10 Questions With ... Richard Perez-Pena, New York Times Reporter

03/18/2017

Richard Perez-Pena has been a professional journalist for 32 years and a New York Times reporter and Guild member for almost 25 years. On a related note, he’s also a five-time Jeopardy champion.

“I think there are a lot of parallels between ‘Jeopardy!’ and journalism,” Perez-Pena told The Times last year. “The need to recall a wide range of information, to think quickly, to focus and tune out distractions, to perform under time pressure.”

For the last two years, he’s covered breaking news for the National news desk. This follows stints covering higher education, health care, government and political campaigns.

We wanted to know Perez-Pena a bit better, so we asked him 10 questions.

1.     If you weren't working in journalism, what would you be doing?

I'd probably be a high school history teacher.

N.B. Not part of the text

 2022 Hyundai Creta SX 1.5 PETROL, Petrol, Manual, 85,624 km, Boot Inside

My sister and my cousin became lawyers, and I saw just enough of that to steer me away from it.

2.     Who's your favorite journalist or writer - living or dead?

Whoever wrote the work that most recently knocked my socks off. So at the moment, my favorite is Colson Whitehead, because I just finished "The Underground Railroad." But honestly, that's just my way of avoiding answering a very tough question. There are too many to name.

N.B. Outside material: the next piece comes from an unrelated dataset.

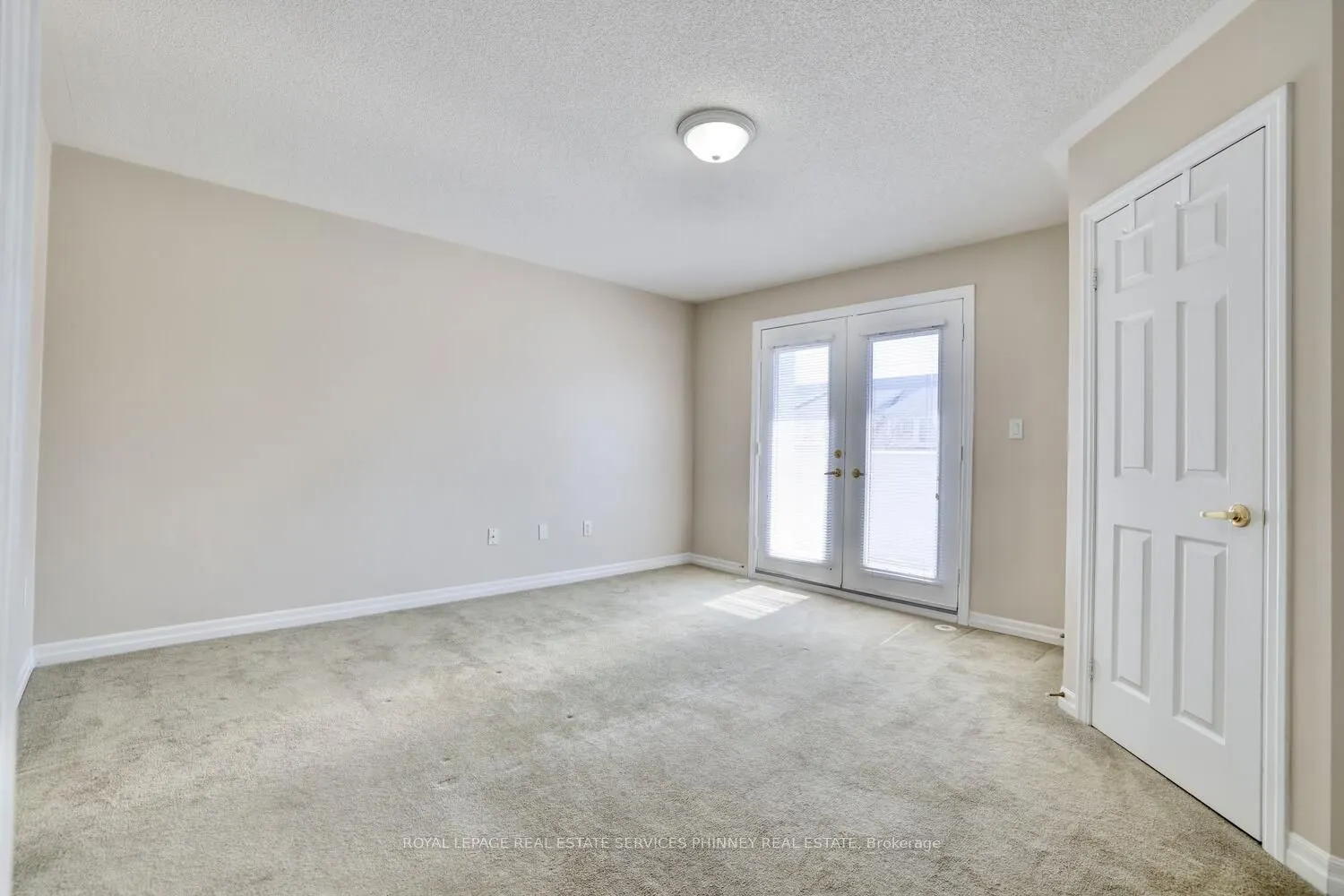 165 Lakeshore Road E, #11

3.     What could the news business use more of?

Money -- duh.

4.     Less of?

Self-importance.

5.     Name a piece of journalism that moved you most profoundly.

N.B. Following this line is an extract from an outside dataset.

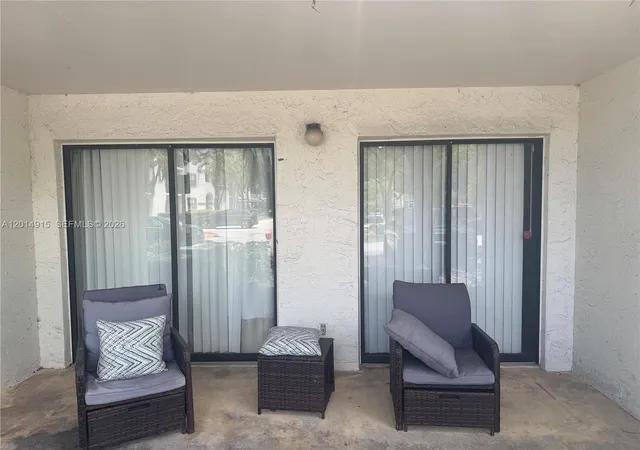 2nd image of 520 S Park Rd #1612, Hollywood, FL 33021 | MLS# A12014915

This massive New York Times Magazine project, published last year, on the recent history of the Middle East:

Also, the book "Hillbilly Elegy," J. D. Vance's unsparing memoir (that's journalism, right?) about his family's struggle with what ails the American working class.

6.     What makes you hopeful about the future of journalism?

That in spite of it all, there is still a lot of smart, brave work being done, and there are still a lot of smart, brave people who want to do it.

7.     What worries you?

That far too many people accept lies and propaganda as facts, and far too many people are eager to feed them the lies and propaganda. We can only succeed if consumers can tell the difference.

8.    When you're not reporting, what occupies your time?

My wife and our two sons, playing piano, fixing whatever needs fixing around my house (there's always something), exercise, reading, and way, way, way too much TV.

9.    Why is being in the Guild better than not being in the Guild?

I've worked in non-union shops where the pay was lousy, the benefits were lousy, there was no protection from the whims of bosses, there wasn't much camaraderie among the employees, and people couldn't wait to move on. I know that I and the people around me are better off dealing with management as part of a unified team with rights, rather than as individuals with little power, who can be played off against each other.

10.  If you could give someone starting out in journalism one piece of advice what would it be?

Read, read, read - especially journalism and history. The best preparations for this career are wide-ranging curiosity, a mind packed with information and context, and a deeply ingrained sense of the different ways stories can be told.